Mr. Wale Edun, the Minister of Finance and Coordinating Minister of the Economy, has announced that the federal government intends to raise the Value Added Tax (VAT) on luxury goods to 15%.
During an investor meeting at the ongoing IMF/World Bank Annual Meetings in Washington, Edun detailed that a bill currently being reviewed by the National Assembly seeks to gradually implement this VAT increase for luxury items, while ensuring that essential goods for vulnerable Nigerians remain either exempt or taxed at a zero rate.
“President Bola Tinubu is committed to ensuring that while we implement necessary reforms, the poorest and most vulnerable will be protected,” Edun stated. “The legislation progressing through the National Assembly will increase VAT for luxury goods targeted at wealthier individuals, while essential items used by low-income and average citizens will be exempted or subject to a zero rate.”
He also mentioned that a list of essential goods exempt from VAT will be shared with the public soon.
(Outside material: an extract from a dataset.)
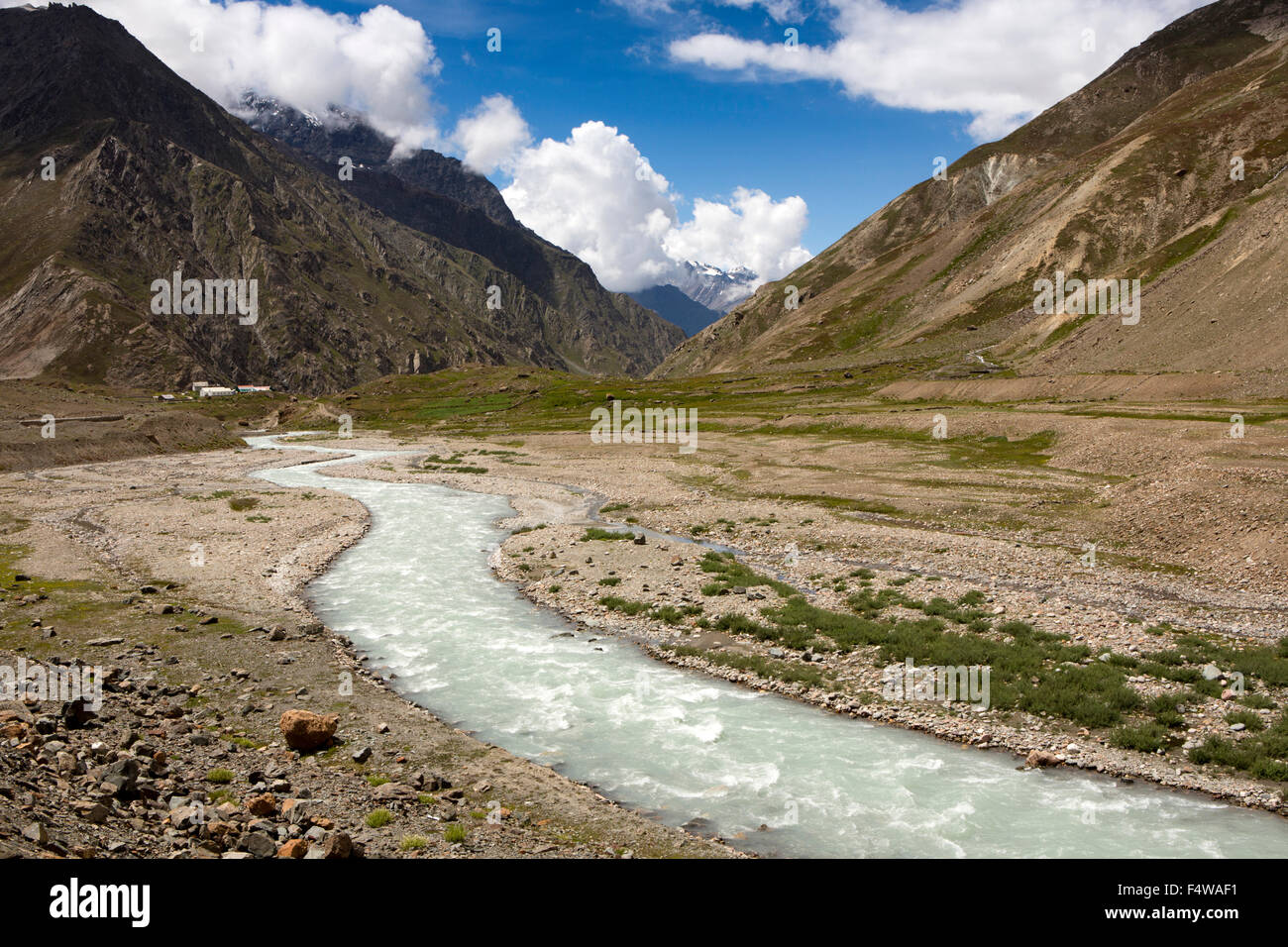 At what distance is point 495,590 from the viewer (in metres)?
40.0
In addition, Edun expressed optimism about Nigeria’s oil sector, noting improved security in oil-producing regions and new investments from companies like Total and ExxonMobil. He believes these factors will enhance oil production and foreign exchange inflows.
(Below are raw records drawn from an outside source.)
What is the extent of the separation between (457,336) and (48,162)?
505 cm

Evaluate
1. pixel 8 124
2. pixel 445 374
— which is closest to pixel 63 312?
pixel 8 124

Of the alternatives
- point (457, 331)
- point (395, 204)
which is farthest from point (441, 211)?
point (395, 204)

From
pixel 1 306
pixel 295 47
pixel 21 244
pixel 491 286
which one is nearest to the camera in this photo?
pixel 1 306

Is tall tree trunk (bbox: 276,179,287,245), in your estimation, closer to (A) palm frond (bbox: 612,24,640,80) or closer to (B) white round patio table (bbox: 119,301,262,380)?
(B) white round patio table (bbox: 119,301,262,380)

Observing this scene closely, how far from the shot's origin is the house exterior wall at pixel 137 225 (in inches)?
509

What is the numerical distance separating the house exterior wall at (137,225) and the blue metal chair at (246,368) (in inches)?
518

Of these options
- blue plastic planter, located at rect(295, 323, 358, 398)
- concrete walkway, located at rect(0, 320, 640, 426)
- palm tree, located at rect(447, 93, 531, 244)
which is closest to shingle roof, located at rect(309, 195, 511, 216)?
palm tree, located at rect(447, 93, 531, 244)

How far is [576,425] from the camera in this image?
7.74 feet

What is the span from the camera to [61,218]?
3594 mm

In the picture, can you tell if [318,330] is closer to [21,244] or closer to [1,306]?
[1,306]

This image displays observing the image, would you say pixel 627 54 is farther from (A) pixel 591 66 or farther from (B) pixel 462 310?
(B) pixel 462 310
Regarding the removal of fuel subsidies, Edun explained that while reforms were announced earlier, full implementation only began last month. He stressed that the savings from this subsidy removal would soon have a more significant impact on the economy.
When asked about Nigeria’s financial strategy, Edun revealed that the government had chosen to issue domestic dollar bonds despite the IMF’s recommendations against it. He assured that Nigeria values its relationship with the IMF but maintains its independence in financial decision-making.